Cluster recovery due to network outages

classic Classic list List threaded Threaded
3 messages Options
Reply | Threaded
Open this post in threaded view
|

Cluster recovery due to network outages

Aaron Westendorf
We had an outage in the internal network at our datacenter this
weekend and our rabbit cluster did not fully recover.

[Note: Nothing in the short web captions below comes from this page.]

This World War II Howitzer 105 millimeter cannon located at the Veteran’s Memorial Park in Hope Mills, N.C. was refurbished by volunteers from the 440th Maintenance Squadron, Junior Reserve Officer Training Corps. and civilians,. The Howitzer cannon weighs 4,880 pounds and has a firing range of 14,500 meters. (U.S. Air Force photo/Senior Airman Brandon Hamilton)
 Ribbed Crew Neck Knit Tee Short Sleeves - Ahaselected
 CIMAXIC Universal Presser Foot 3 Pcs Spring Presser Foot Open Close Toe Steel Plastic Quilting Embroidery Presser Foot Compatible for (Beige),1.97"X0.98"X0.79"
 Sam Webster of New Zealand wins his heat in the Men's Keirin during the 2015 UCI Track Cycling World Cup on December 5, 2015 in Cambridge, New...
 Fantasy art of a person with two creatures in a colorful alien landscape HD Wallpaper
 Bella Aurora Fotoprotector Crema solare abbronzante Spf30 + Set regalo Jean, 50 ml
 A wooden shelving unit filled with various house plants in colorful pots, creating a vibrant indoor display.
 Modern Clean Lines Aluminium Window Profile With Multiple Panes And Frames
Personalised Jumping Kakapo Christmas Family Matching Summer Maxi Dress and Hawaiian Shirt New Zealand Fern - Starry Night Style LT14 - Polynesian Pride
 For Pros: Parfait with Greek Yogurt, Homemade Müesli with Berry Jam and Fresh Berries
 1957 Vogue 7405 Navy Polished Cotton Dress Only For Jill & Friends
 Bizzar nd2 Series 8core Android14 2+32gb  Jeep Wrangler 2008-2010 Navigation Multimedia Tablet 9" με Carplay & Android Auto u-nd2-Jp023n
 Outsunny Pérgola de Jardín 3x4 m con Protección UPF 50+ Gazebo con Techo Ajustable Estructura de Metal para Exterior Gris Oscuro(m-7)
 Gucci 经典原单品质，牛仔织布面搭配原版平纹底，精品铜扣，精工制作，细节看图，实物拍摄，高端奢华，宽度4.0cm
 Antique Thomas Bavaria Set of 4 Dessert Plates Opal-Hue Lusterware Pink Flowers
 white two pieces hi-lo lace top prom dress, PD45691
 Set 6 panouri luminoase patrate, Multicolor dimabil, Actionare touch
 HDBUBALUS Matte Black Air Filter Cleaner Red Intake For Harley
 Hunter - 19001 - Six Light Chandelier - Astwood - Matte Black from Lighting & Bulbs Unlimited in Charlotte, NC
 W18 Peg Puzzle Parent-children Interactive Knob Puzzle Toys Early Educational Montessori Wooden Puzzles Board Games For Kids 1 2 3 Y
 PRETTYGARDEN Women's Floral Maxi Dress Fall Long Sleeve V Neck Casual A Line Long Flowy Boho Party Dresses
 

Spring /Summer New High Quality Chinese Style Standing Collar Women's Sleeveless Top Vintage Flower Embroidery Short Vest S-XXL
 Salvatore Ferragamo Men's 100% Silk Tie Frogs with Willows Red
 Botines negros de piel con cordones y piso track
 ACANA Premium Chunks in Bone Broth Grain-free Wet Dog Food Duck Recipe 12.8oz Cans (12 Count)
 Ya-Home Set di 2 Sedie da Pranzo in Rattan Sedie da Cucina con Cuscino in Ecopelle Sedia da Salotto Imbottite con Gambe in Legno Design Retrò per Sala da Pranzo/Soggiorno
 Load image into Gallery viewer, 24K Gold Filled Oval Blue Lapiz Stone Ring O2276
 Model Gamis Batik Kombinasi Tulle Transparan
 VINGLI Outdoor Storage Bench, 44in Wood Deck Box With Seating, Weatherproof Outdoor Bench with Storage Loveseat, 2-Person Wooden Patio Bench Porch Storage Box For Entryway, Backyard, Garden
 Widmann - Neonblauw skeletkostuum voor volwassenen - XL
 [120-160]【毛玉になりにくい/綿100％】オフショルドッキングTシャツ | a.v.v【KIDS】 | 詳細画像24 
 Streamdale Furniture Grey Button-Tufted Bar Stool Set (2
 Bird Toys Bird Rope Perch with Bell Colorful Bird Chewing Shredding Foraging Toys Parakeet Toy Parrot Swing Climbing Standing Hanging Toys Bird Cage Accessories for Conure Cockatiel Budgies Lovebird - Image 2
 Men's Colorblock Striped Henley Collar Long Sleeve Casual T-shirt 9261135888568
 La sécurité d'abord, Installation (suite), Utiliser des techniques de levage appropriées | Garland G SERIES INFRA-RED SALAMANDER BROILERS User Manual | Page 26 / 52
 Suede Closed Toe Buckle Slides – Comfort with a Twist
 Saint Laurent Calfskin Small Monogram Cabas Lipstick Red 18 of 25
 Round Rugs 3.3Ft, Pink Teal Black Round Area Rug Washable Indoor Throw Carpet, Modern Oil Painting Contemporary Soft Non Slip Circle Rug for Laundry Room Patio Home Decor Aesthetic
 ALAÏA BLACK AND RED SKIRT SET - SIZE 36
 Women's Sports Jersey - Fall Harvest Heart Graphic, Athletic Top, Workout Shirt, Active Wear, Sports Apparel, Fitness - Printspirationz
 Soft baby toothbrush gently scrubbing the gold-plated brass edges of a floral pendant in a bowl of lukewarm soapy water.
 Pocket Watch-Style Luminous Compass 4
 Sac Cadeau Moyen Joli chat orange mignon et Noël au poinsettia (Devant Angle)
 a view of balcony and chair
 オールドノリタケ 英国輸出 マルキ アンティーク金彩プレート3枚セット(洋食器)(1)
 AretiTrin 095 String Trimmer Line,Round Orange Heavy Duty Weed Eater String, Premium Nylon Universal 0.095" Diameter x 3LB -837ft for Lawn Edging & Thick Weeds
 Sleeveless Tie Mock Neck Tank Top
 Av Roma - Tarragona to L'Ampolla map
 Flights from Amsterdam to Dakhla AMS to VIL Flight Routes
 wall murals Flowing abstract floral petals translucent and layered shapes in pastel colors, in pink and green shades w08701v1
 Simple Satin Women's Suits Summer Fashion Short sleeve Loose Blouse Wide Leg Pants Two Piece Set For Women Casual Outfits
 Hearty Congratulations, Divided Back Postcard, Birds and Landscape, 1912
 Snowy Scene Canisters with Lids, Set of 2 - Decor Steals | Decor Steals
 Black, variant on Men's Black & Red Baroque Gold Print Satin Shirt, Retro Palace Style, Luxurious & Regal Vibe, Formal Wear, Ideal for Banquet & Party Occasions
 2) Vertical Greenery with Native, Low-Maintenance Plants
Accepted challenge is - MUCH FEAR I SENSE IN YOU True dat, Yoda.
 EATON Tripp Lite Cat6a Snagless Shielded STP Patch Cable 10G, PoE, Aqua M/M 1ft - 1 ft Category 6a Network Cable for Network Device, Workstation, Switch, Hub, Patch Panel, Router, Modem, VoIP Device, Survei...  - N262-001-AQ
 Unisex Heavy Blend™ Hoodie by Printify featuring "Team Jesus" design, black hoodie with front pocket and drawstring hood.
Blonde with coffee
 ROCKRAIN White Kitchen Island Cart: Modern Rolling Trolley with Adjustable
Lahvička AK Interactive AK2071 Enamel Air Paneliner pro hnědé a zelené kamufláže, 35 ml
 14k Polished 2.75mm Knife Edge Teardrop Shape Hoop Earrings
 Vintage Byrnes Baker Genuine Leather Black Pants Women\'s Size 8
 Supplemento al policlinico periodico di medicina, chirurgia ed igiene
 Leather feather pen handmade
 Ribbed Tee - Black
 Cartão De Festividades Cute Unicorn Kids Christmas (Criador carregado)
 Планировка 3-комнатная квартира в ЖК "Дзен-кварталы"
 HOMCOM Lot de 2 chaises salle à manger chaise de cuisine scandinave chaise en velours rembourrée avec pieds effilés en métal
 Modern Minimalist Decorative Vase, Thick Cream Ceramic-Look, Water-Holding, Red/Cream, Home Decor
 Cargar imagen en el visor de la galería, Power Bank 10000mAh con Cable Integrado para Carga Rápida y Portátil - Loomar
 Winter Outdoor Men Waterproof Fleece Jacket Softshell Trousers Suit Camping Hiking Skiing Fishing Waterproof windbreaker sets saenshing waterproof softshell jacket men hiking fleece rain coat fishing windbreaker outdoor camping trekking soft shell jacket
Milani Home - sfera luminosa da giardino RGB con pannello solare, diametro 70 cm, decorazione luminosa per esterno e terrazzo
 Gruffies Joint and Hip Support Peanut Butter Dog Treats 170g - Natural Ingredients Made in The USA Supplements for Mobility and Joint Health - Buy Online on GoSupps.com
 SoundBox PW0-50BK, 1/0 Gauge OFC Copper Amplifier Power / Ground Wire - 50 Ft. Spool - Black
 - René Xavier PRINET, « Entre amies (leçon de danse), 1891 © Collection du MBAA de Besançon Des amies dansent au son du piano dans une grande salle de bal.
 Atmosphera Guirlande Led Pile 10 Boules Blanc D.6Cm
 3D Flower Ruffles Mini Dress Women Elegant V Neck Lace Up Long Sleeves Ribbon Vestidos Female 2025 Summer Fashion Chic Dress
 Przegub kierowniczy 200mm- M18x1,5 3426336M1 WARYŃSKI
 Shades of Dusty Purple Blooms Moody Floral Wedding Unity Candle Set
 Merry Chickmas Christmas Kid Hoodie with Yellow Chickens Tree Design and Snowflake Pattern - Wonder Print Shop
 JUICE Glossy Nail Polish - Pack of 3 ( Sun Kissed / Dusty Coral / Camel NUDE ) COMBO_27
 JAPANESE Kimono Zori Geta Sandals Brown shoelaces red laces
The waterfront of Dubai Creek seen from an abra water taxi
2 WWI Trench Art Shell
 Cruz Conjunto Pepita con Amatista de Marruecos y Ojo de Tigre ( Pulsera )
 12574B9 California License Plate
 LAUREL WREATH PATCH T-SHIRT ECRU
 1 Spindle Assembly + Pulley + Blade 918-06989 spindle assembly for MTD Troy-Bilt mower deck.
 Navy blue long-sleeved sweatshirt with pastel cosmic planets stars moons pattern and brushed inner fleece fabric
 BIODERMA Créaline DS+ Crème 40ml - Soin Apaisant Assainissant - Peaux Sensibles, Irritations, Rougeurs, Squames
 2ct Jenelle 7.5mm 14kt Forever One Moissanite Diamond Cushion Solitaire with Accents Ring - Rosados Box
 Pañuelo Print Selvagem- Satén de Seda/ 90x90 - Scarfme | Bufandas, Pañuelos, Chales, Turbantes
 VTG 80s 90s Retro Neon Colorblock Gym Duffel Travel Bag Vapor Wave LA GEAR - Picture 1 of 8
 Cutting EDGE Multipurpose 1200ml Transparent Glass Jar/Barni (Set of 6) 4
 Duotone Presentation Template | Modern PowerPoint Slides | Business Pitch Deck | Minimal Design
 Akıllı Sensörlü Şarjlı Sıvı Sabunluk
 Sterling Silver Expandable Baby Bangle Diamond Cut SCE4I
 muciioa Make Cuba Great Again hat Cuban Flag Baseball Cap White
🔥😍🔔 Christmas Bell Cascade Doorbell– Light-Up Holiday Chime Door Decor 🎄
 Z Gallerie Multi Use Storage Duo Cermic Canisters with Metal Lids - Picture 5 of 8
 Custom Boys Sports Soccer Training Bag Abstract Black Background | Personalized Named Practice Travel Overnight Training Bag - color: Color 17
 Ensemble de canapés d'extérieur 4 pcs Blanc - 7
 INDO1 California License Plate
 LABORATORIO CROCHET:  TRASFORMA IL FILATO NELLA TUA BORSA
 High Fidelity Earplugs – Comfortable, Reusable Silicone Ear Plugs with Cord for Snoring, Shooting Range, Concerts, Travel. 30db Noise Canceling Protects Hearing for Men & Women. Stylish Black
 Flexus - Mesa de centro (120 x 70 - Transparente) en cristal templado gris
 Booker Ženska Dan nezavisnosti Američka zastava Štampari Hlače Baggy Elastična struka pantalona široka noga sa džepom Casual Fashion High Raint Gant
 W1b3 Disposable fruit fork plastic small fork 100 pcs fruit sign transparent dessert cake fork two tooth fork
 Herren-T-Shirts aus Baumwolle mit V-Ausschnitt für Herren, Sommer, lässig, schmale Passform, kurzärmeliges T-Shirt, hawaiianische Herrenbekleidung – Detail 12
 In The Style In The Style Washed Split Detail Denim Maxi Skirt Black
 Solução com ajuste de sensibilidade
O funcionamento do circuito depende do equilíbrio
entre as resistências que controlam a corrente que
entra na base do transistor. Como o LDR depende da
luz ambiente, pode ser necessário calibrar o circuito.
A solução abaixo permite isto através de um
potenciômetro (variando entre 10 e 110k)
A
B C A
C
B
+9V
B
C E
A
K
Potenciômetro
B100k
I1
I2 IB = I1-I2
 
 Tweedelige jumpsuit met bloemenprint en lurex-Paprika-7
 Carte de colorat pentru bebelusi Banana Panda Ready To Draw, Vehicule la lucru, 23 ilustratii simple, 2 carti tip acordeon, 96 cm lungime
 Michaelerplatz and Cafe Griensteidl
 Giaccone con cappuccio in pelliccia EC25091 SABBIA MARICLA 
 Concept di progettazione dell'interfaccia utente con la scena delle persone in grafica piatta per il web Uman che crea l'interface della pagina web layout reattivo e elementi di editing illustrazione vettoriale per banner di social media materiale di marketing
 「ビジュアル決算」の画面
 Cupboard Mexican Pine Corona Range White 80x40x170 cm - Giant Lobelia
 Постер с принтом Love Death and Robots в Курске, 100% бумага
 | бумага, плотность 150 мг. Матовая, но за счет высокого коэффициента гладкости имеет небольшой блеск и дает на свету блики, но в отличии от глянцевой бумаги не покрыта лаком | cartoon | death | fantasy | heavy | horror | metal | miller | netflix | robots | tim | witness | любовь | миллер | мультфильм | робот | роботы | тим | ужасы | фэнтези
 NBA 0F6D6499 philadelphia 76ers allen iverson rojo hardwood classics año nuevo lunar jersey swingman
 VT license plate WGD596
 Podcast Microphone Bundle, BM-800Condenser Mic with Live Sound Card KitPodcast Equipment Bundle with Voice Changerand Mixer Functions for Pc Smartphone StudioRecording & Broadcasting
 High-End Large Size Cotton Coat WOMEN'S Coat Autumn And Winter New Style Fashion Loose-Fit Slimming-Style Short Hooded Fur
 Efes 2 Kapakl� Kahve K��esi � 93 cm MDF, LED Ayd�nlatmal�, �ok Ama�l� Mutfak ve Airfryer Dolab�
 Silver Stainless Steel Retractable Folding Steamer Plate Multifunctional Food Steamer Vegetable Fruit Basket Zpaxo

We have 4 hosts, all running 1.7.2.  When failures started, we saw
messages like the following (which we've seen before):


=ERROR REPORT==== 1-Aug-2010::06:13:24 ===
** Node rabbit@caerbannog not responding **
** Removing (timedout) connection **

=INFO REPORT==== 1-Aug-2010::06:13:24 ===
node rabbit@caerbannog down


A short time later the hosts recovered, also as we've seen before:

=INFO REPORT==== 1-Aug-2010::06:26:48 ===
node rabbit@caerbannog up
=ERROR REPORT==== 1-Aug-2010::06:26:48 ===
Mnesia(rabbit@bigwig): ** ERROR ** mnesia_event got
{inconsistent_database, running_partitioned_network,
 rabbit@caerbannog}

=ERROR REPORT==== 1-Aug-2010::06:26:48 ===
Mnesia(rabbit@bigwig): ** ERROR ** mnesia_event got
{inconsistent_database, starting_partitioned_network
, rabbit@caerbannog}


Another 15 minutes later and the timedout errors were logged and that
was the end of the cluster; I think two of the nodes figured out how
to connect back to each other, but two others remained on their own.
The hosts and nodes themselves never shutdown, and when I restarted
just one of the nodes later in the day, the whole cluster rediscovered
itself and all appeared to be well (`rabbitmqctl status` was
consistent with expectations).

So our first problem is that the nodes did not re-cluster after the
second outage.  Once we corrected the cluster though, our applications
still did not respond and we had to restart all of our clients.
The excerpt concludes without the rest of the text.